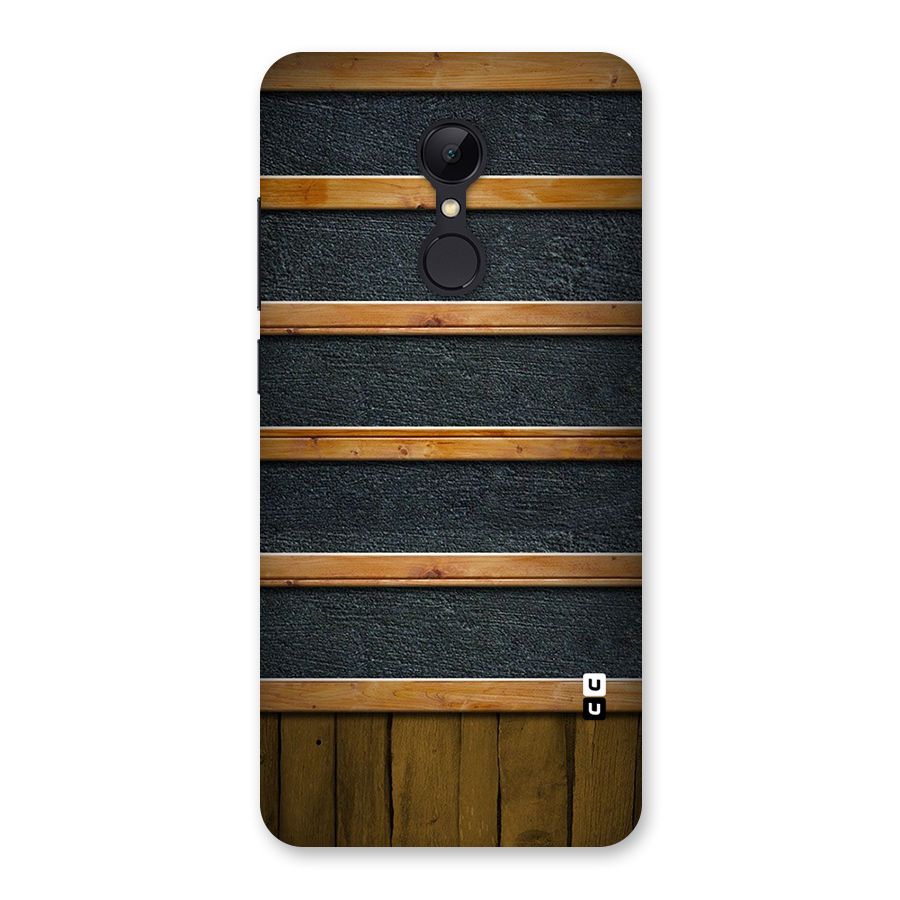 Wood Design Back Case for Redmi 5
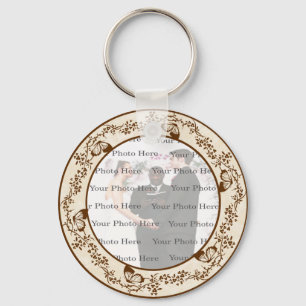 Elegant Butterfly Round Key Chain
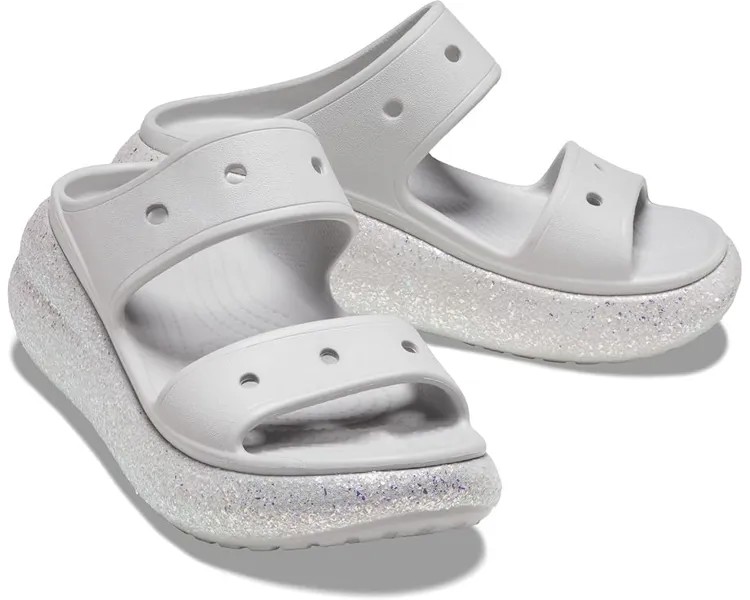 Туфли Crocs Classic Crush Sandal, цвет Atmosphere/Glitter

→ **AIM OF THE TASK**: Send back the data above word for word, with the pictures left out.

→ **ANSWER TO THE EXERCISE**:
 Wood Design Back Case for Redmi 5
 Elegant Butterfly Round Key Chain
 Туфли Crocs Classic Crush Sandal, цвет Atmosphere/Glitter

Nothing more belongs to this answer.